At some point, I forget when, the improved cross platform matches and application reliability across the board allowed the workunit initial replication to be reduced from 3 to 2, reducing server load by a third.

On the basis of all that, If other various classes of builds/devices see much worse than 5% inconclusives, then they're not up to par, while at the same time Eric's assertions that additional precision shouldn't be needed suggest <5% is 'good enough' statistically. (Which I'm fine with, because much more tightening toward bit exact cross platform would be extremely expensive (development time, money and computationally) and lead to de-optimisation.

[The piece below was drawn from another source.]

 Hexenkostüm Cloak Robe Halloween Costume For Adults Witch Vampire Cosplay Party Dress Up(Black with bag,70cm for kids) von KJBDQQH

I'm mostly writing this out, because at some point I'll need to add explanations to stock documentation, because the temptation to optimise out the stock summing refinements may be a trap for future developers [Saved for when I revisit the stock codebase, at some point Astropulse should undergo a similar analysis, though it's beyond my resources at present].
7) Message boards : Number crunching : Linux CUDA 'Special' App finally available, featuring Low CPU use (Message 1874209)
Posted 4 days ago by Profile jason_gee
Post:
Oh yeah, no illusions there. Have prepared for probable extended downtime by stocking up on the mobile data. Switching over to a completely new infrastructure will have teething problems.
8) Message boards : Number crunching : Linux CUDA 'Special' App finally available, featuring Low CPU use (Message 1874189)
Posted 4 days ago by Profile jason_gee
Post:
OK. Will be some (yet more, *sigh*) juggling here, as better broadband arrives tomorrow, a month sooner than expected. Teething problems are likely, though will factor in setting aside some hosting space for various and sundry as the dust settles. Hopefully things get less difficult as time goes on.
9) Message boards : Number crunching : Linux CUDA 'Special' App finally available, featuring Low CPU use (Message 1874138)
Posted 5 days ago by Profile jason_gee
Post:
Oh well. It appears since moving to the new server I'm not allowed to upload. All I get is;
403
Forbidden
Access to this resource on the server is denied!
So....you'll have to wait.


Contact Arkayn, as he did message about the ftp server shifting a week or so ago. If problems still by the weekend, let me know and I'll put it to jgopt.org (if you email the binaries). Once proper broadband is installed here in a month or so, I'll be rehosting my own domain to in my living room, so there will be juggling nomatter which of those works, but you could share it on Google Drive or similar in .7z form or similar if you're stuck.
10) Message boards : Number crunching : Linux CUDA 'Special' App finally available, featuring Low CPU use (Message 1874114)
Posted 5 days ago by Profile jason_gee
Post:
Just a comment, I think this may deserve it's own thread since it appears this is leaning towards an SoG issue more than CUDA.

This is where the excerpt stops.